──────── Data to use ────────
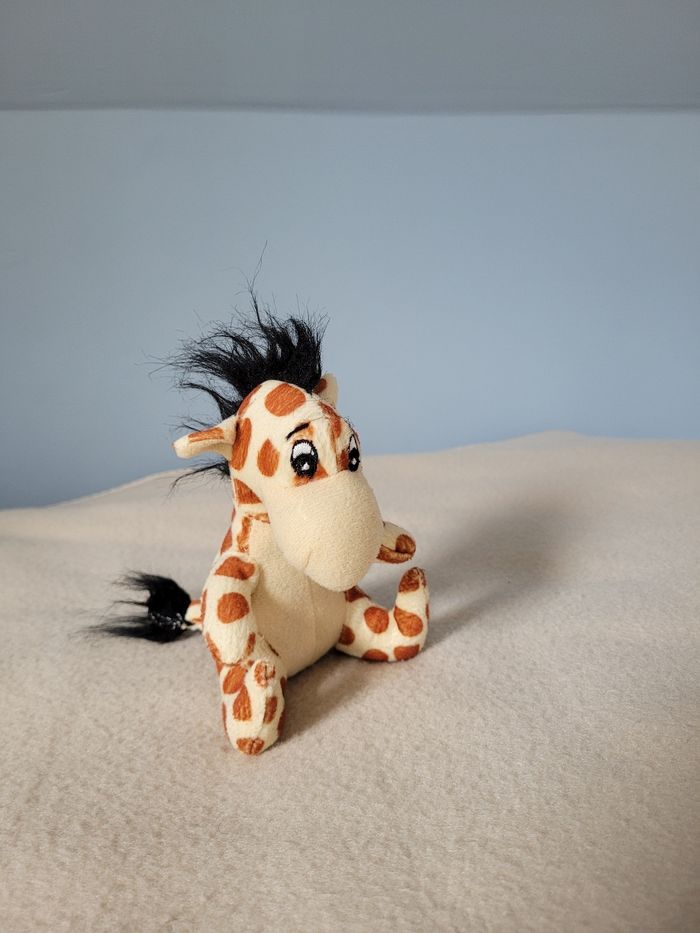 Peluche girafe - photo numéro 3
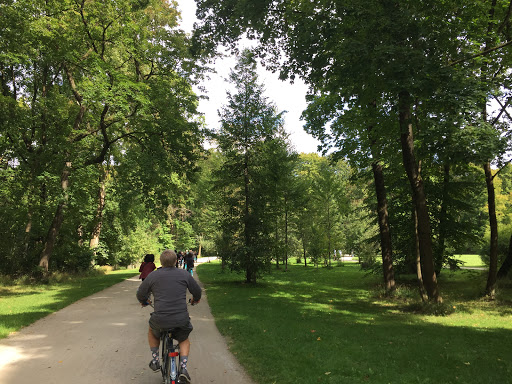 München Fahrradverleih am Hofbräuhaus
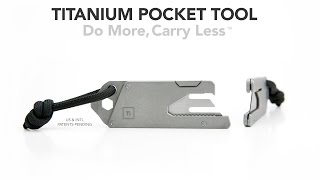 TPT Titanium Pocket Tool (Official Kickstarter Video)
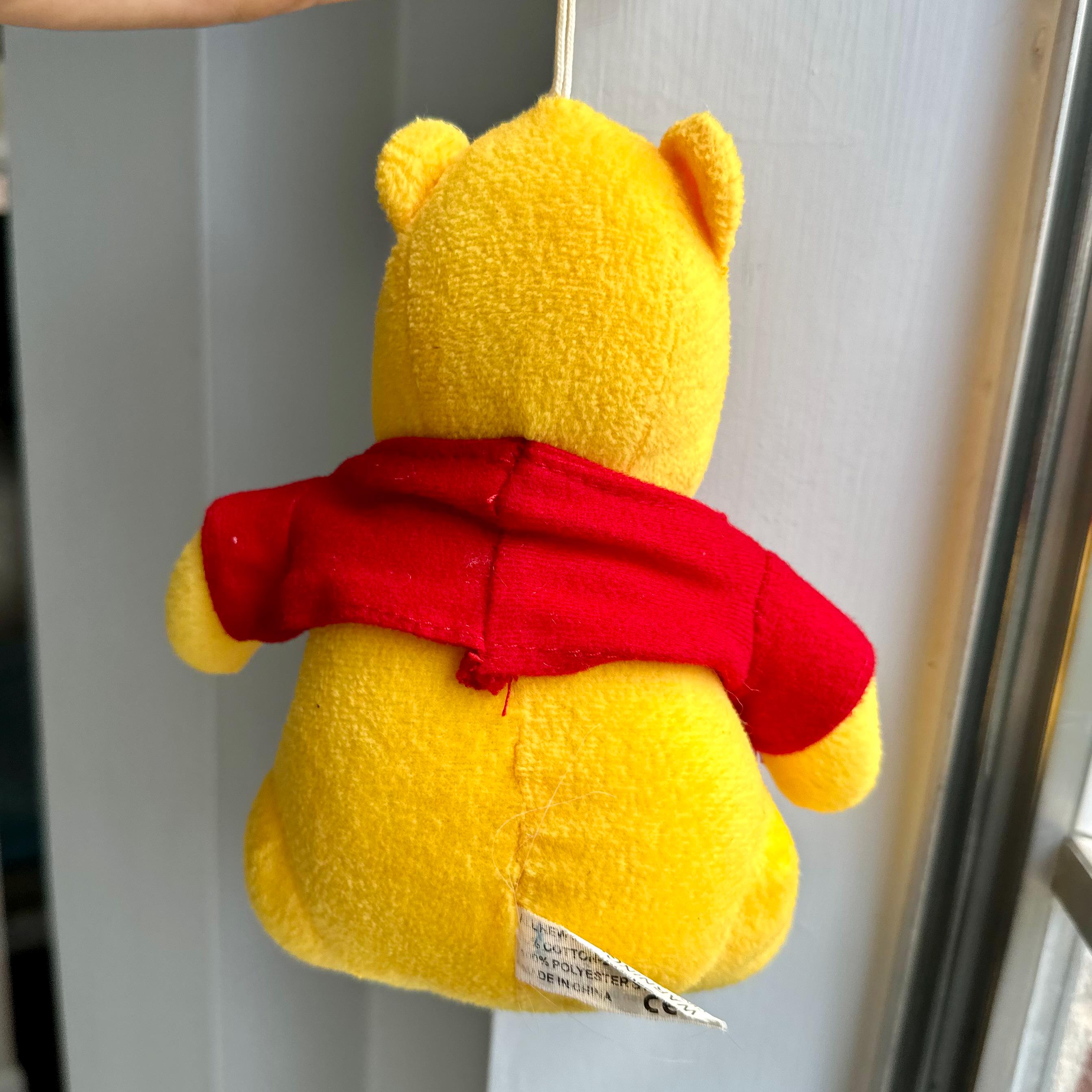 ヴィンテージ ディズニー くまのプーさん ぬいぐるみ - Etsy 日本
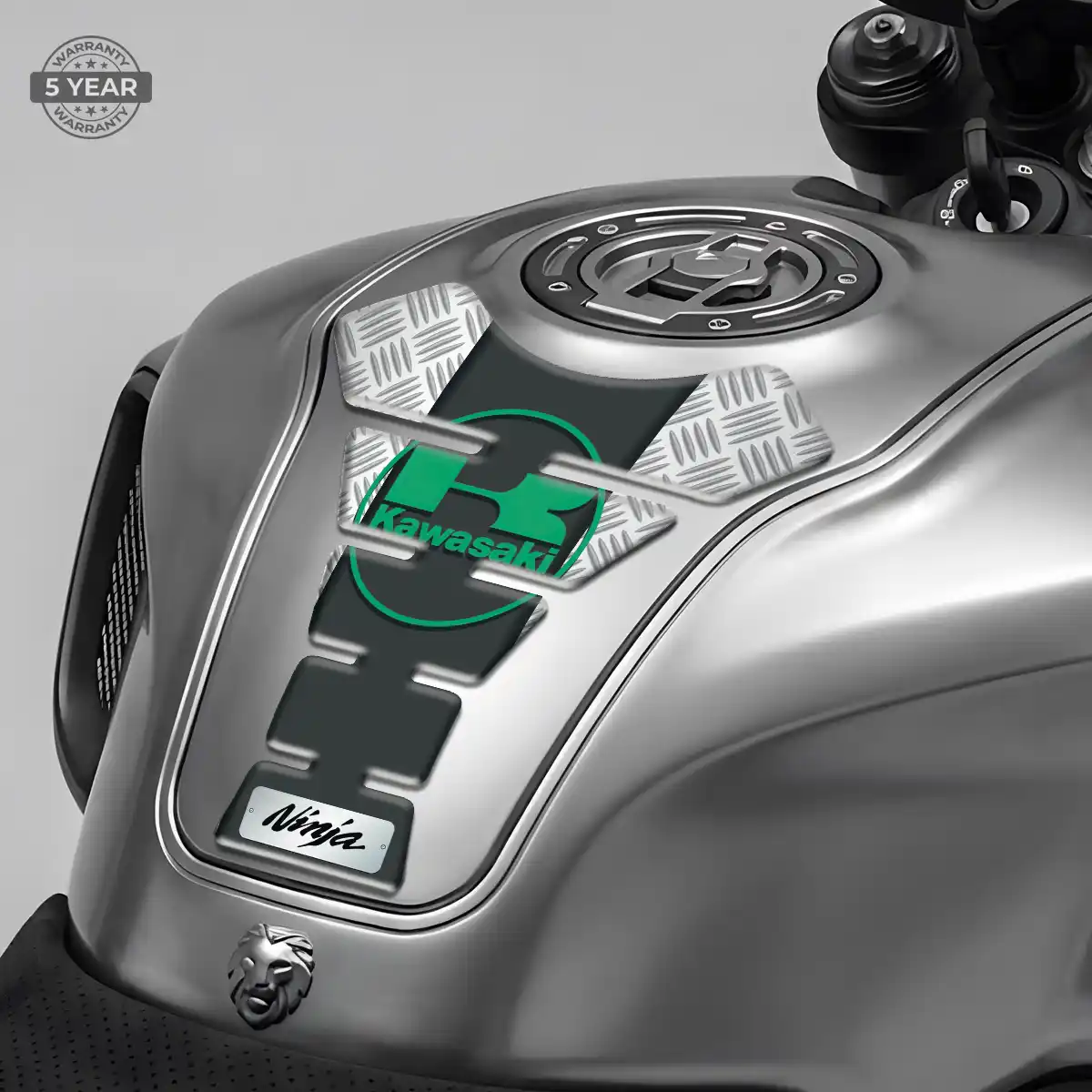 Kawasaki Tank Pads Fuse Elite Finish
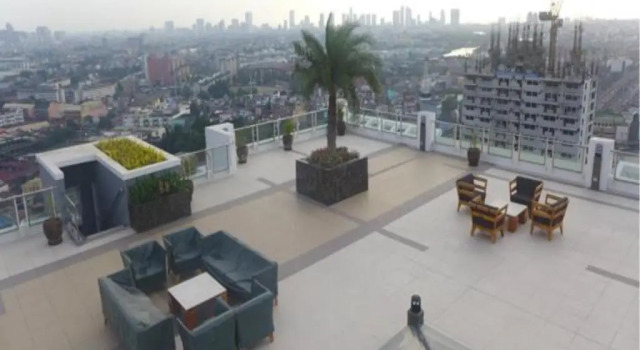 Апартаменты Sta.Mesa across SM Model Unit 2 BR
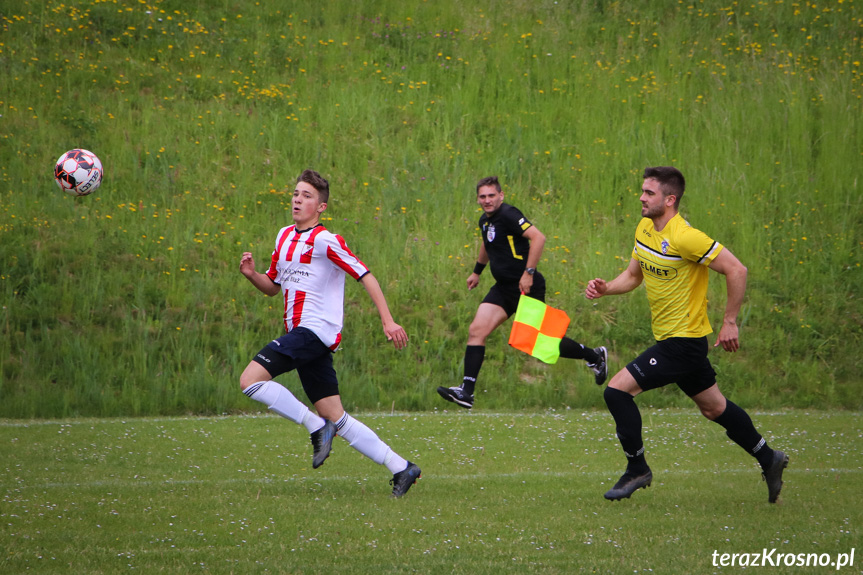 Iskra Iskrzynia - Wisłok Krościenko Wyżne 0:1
────────
== Task statement ==
Give the entries above again exactly, minus their pictures.

== Exercise response ==
 Peluche girafe - photo numéro 3
 München Fahrradverleih am Hofbräuhaus
 TPT Titanium Pocket Tool (Official Kickstarter Video)
 ヴィンテージ ディズニー くまのプーさん ぬいぐるみ - Etsy 日本
 Kawasaki Tank Pads Fuse Elite Finish
 Апартаменты Sta.Mesa across SM Model Unit 2 BR
 Iskra Iskrzynia - Wisłok Krościenko Wyżne 0:1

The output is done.